Collected data —
^^^^^^^^^^^^^^^^
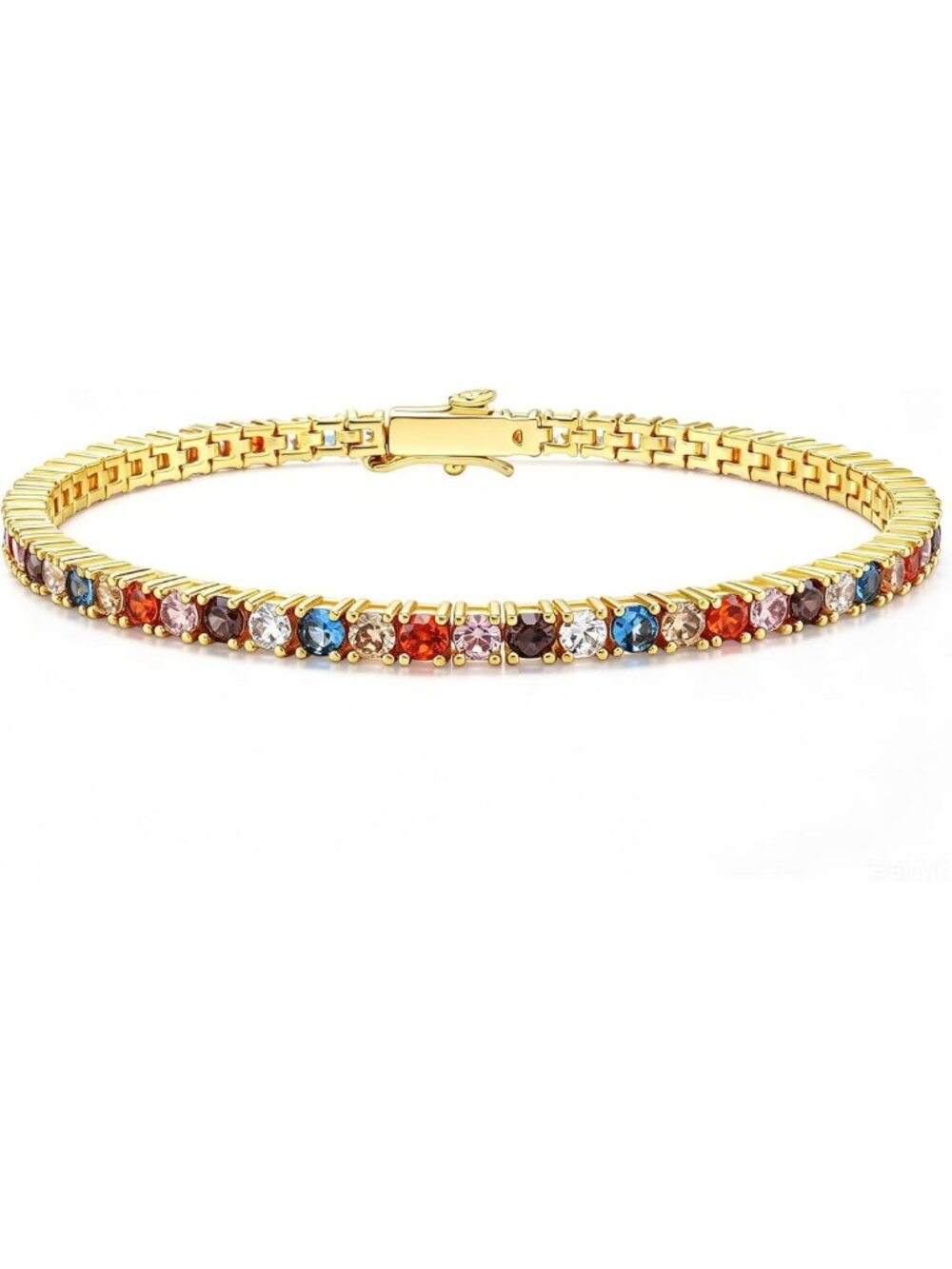 Vibrant Multi-Colored CZ Tennis Bracelet for Women, 14K Gold Plated, Bohemian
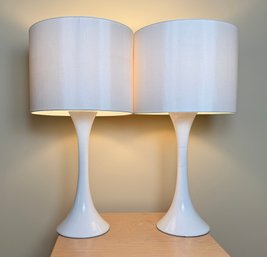CB2 Ada II White Table Lamps, Pair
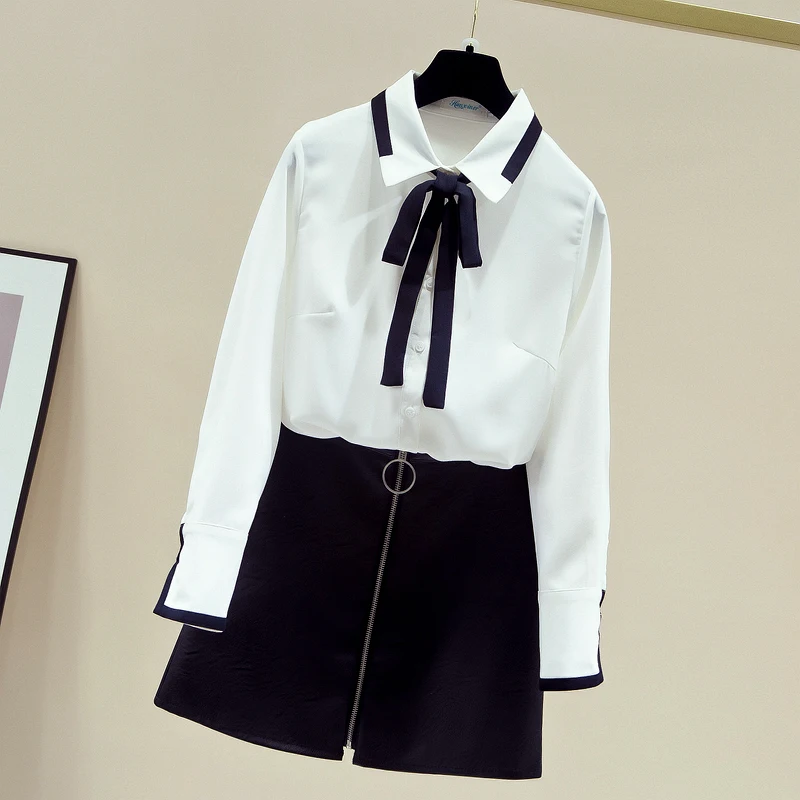 

2020 Autumn Women's Turn Down Collar Long Sleeves Bow Shirts Students Girls Ladies Shirt Blouse Tops A3671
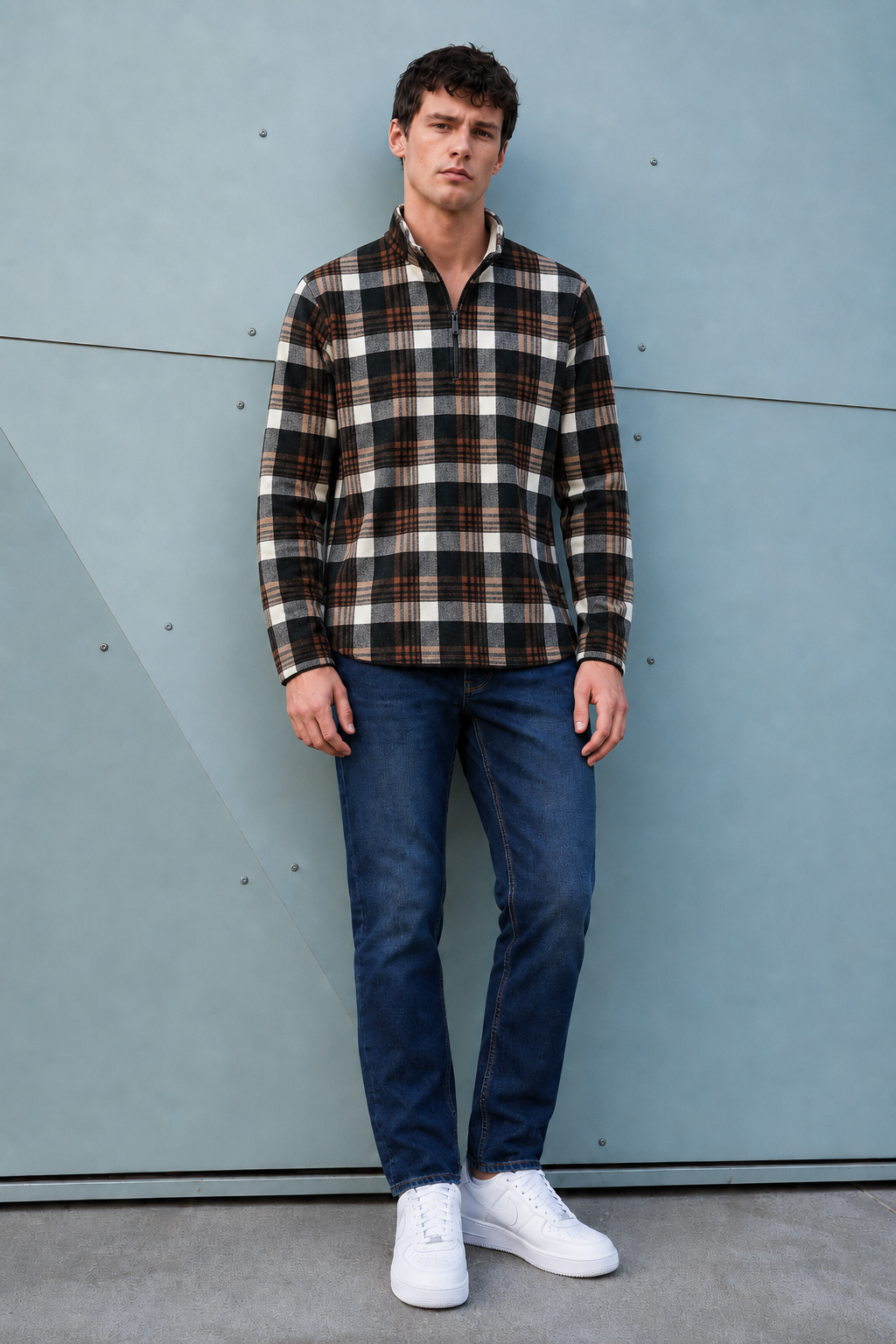 Men’s Dark Olive Coral Bonded Check Sweatshirt – Regular Fit Half-Zip Winter Pullover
^^^^^^^^^^^^^^^^
Work instructions — Once the line with "2020 Autumn Women's" is found, write out that line and every later line of the listing above exactly, through the last one, and skip any pictures.

Written solution —
2020 Autumn Women's Turn Down Collar Long Sleeves Bow Shirts Students Girls Ladies Shirt Blouse Tops A3671
 Men’s Dark Olive Coral Bonded Check Sweatshirt – Regular Fit Half-Zip Winter Pullover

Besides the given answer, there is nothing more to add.